Water Table Height Over Footing

If you want to design for a water table condition, enter the maximum height from top of footing to water table level. The program will then compute the added pressures for saturated soil on the heel side of the footing, including buoyancy effect, to calculate increased moments and shears on the stem, and overturning. Do not enter a height greater than the retained height, nor a liquid other than water.

 

Soil Slope

You may enter any backfill slope behind the wall. Use the drop-down menu or type the slope ratio as Horiz/Vert. The soil must be level or slope upward. Negative backfill slopes (grade sloping downward, away from the wall) are not allowed.

 

The program will use this slope to 1) include the weight of a triangular wedge of soil over the heel as vertical load, and 2) compute overturning based upon an assumed vertical plane at the back face of the footing extending from the bottom of the footing to ground surface - a steeper slope will result in a higher overturning moment. We suggest not using a slope steeper than 1.5 to 1.0 unless approved by the geotechnical engineer. The program will not accept a backfill slope steeper than the angle of internal friction.

 

Allowable Soil Bearing

The maximum allowable soil bearing pressure for static conditions. Using the spin buttons you can increment in 50 psf steps. Usual values for this vary from 1,000 psf to 4,000 psf or more.

 

Lateral Pressure Method

Here you can choose between E.F.P. or Rankine formula or Coulomb formula. EFP means "Equivalent Fluid Pressure," where you can enter a lateral soil pressure in psf per foot of depth. "Rankine" or "Coulomb" instructs Retain Pro to use the Rankine or Coulomb Method to calculate active and passive soil pressures using an entered angle of internal friction for the soil. When Rankine or Coulomb is chosen, the Ka*Density value for active pressure is computed.

 

Active Soil Pressure - Heel Side (EFP Method Chosen)

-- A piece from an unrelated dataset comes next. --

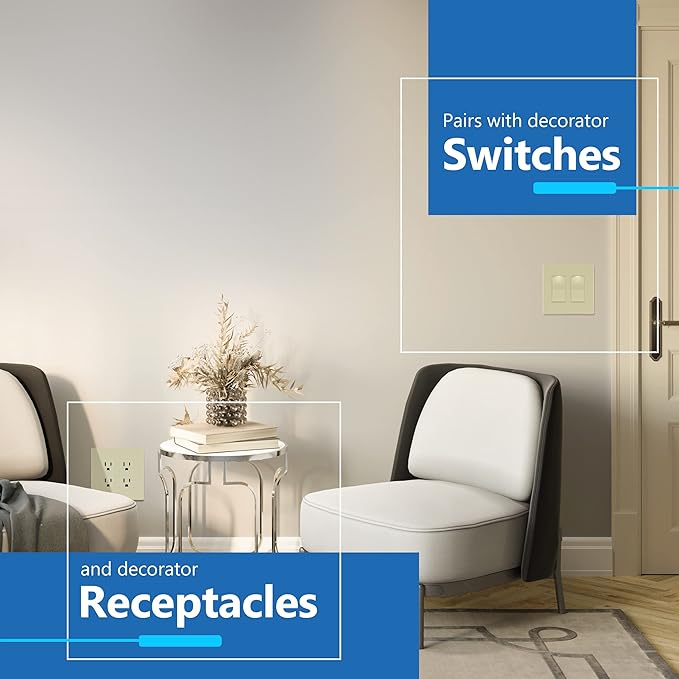 LIDER Matte Finish Double Decorator Switch Cover, Screwless Wall Plate, Mid-Size 2-Gang 4.88" x 4.92", Unbreakable Polycarbonate Thermoplastic, UL Listed, LSWP-32M-I10P, Ivory, 10 pack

Active Pressure: Ka * Gamma (Rankine or Coulomb Method Chosen)

Enter the equivalent fluid pressure (EFP), or the angle of internal friction if Rankine or Coulomb is chosen, for the soil being retained that acts to overturn and slide the wall toward the toe side. This pressure acts on the stem for stem section calculations, and on the total footing+wall+slope height for overall stability and soil pressure calculations.

 

Commonly used values, assuming an angle of internal friction of 34, are 30 pcf for a level backfill; 35 pcf for a 4:1 slope; 38 pcf for a 3:1 slope; 43 pcf for a 2:1 slope; and 55 pcf for a 1.5:1 slope. These values are usually provided by the geotechnical engineer. If the Rankine or Coulomb method had been chosen, these values will be computed using those formulas.

 

When the retained soil is sloped, a vertical component of the lateral earth pressure over the heel can be applied vertically downward in the plane of the back of the footing. You can choose to apply this force for overturning resistance, sliding resistance, and/or for soil pressure calculations, by checking the boxes on the CRITERIA > Option screen.

 

 

Angle of Internal Friction (Rankine or Coulomb Method Chosen)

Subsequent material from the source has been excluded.